Hi Mervin,
I had intended to make a response to your comments but certain persons objected to my defence of Dr Jeffrey Tomkins in the issue of the similarity between chimp-human with the consequence that my account was ‘suspended’.
Therefore, you’ll understand that I was unable to post a response to you.
In the meantime I contacted Dr Jeffrey Tomkins and apprised him of the situation.
In his very recent email to me he very graciously explained where those who disagree with his findings of only an 85% similarity have erred in their findings.
He sent me the following lengthy article which is his latest research in which he drills down into the details and provides evidence for the similarity in chimp-human as being significantly less than that of scientists who are theistic evolutionists with an a priori commitment to Darwinian evolutionary processes.
Summary
In regard to data sets that included run date information, two different sets of chimpanzee DNA sequences related to the Sanger-style data sets used to construct the chimpanzee genome exist. The sequences that were produced early on in the chimpanzee genome project that contributed to the initial five-fold coverage of the chimpanzee draft genome (Mikkelsen et al. 2005), are significantly more similar to human than those that were produced later in the project by a difference of about 5% overall data set sequence identity. Contributing to this difference is the additional fact that a 5.6% difference in the amount of sequences that hit onto the human genome also exist.
When not considering run date, but instead including all sequences, two bins of data were constructed: data sets with overall identities below 90% and those above 90%. In doing this, the difference in sequence identity between the two data sets widened to 7%. This is largely due to the fact that the sequences lacking run date information were the most highly similar to human out of all the data sets. Because these data sets all contained filename numbers between 13 and 48, it is safe to assume that they contributed to the initial rough draft of the chimpanzee genome in 2005, inflating its human-like characteristics accordingly.
It may be that greater precautions towards human DNA contamination were taken later in the project producing less contamination. If the data from these seemingly less contaminated sets are considered, the chimpanzee genome is no more than about 85% similar to human. If all the data sets taken together are considered, despite the apparent human DNA contamination, then the chimpanzee genome is no more than about 90% similar to human.

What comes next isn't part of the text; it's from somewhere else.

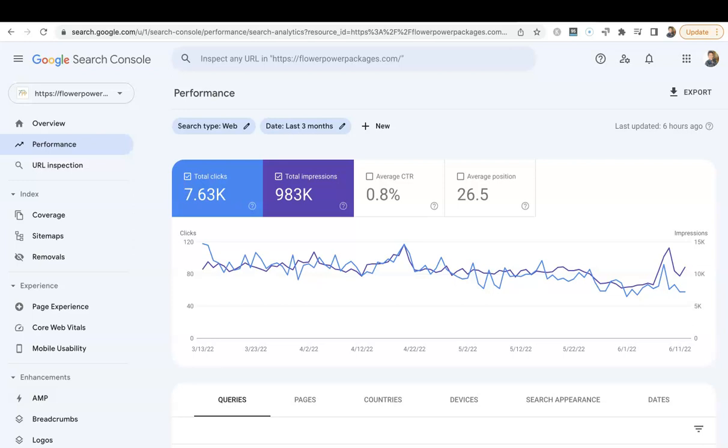You can check the performance of your website—this is a page that we're looking at right now—but today I'm going to show you how to check to see how many backlinks you have.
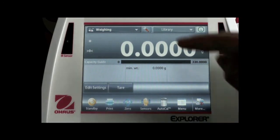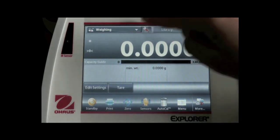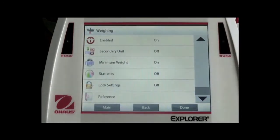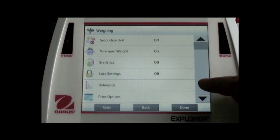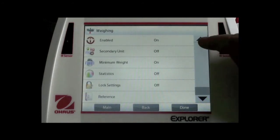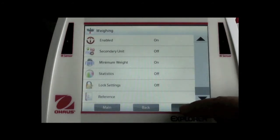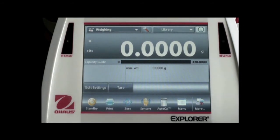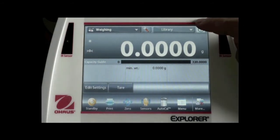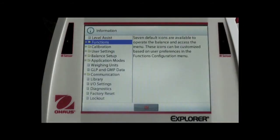The second button is the tool button. Here you can set up the weighing mode. The third button is the information button. Here you can get help on how to use the various features of Explorer.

It is very probable that the current chimpanzee genome assembly suffers from two major problems that make it more human-like that it should be. First, chimpanzee DNA sequences from both Sanger-style sequencing and next generation sequencing technologies, have been assembled using the human genome as a reference framework (Mikkelsen et al. 2005; Prado-Martinez et al. 2013). In other words, the chimpanzee genome does not stand on its own merits using its own framework-based genomic resources (e.g. an accurate integrated physical-genetic map for chimpanzee) as I described in an earlier publication (Tomkins 2011). Second, given the fact that significant levels of human DNA exist in non-primate databases due to laboratory and worker contamination (Longo et al. 2011), the potential for human DNA in the pre-assembled chimpanzee sequencing reads is highly probable and could be tested for by simply comparing the chimpanzee-human BLASTN analyses of the different data sets one to another. The main questions would be, are there significant differences between data sets, and are there any obvious patterns for these differences? The answer to both questions is a resounding yes.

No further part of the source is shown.